Working with HDF5-based object

read_bedgraph function

For memory efficient read in, one can use an HDF5 based methrix object. Only one bedgraph file is in the memory at the same time, while the resulting object won’t be stored in the memory, but on-disk.

Additional arguments to use HDF5:

  • Set h5=TRUE
  • Set vect=FALSE
  • h5_dir –> a directory to save the final object. It is possible to save the object later. It increases the processing time significantly.
  • h5temp –> a temporary directory to use during data processing. Set this if for example the default temporary location doesn’t have enough free space to store the temporary data.
meth <- methrix::read_bedgraphs(
  files = bed_files,
  ref_cpgs = hg19_cpgs,
  chr_idx = 1,
  start_idx = 2,
  M_idx = 5,
  U_idx = 6,
  stranded = FALSE,
  zero_based = TRUE, 
  collapse_strands = FALSE,  
  coldata = sample_anno,
  vect = FALSE,
  h5 = TRUE)

All methrix functions work with HDF5-based objects as well, there is no difference in using different functions.

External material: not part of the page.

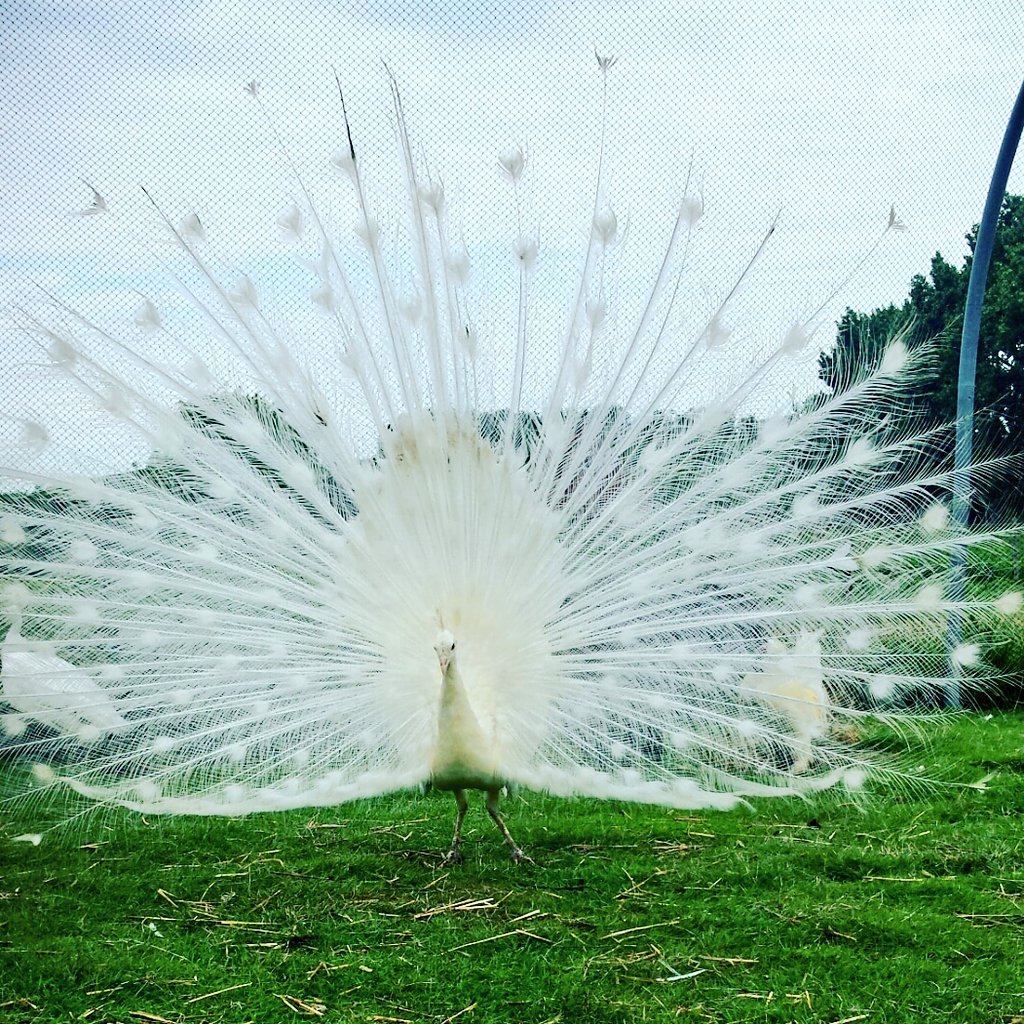 hofkeizersweel's tweet photo. De hele dag loopt ie al te pronken!
Niet voor mij maar voor alle meisjes rond hem.
Dus stiekem toch voor mij! 😆
#wittepauw #pauw #peacock #wemeldinge #hofkeizersweel #pronken #opschepper #wit #prachtig #kant #lace #romantisch #workshops #kinderfeestjes #mooierd #knapperd #zld https://t.co/BTg8uUjTY9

meth <- methrix::remove_uncovered(meth)

It is also possible to transform non-HDF5-based objects to HDF5-based ones and back.


m <- convert_HDF5_methrix(m=meth)
m2 <- convert_methrix(m=m)

Saving and loading

Saving and loading of an HDF5-based object is not possible using the standard save or saveRDS functions. methrix offers easy to use saving and loading tools, which are essentially wrappers around the saveHDF5SummarizedExperiment and loadHDF5SummarizedExperiment functions.


target_dir = paste0( getwd(), '/temp/')
save_HDF5_methrix(meth, dir = target_dir, replace = TRUE)

meth <- load_HDF5_methrix(dir = target_dir)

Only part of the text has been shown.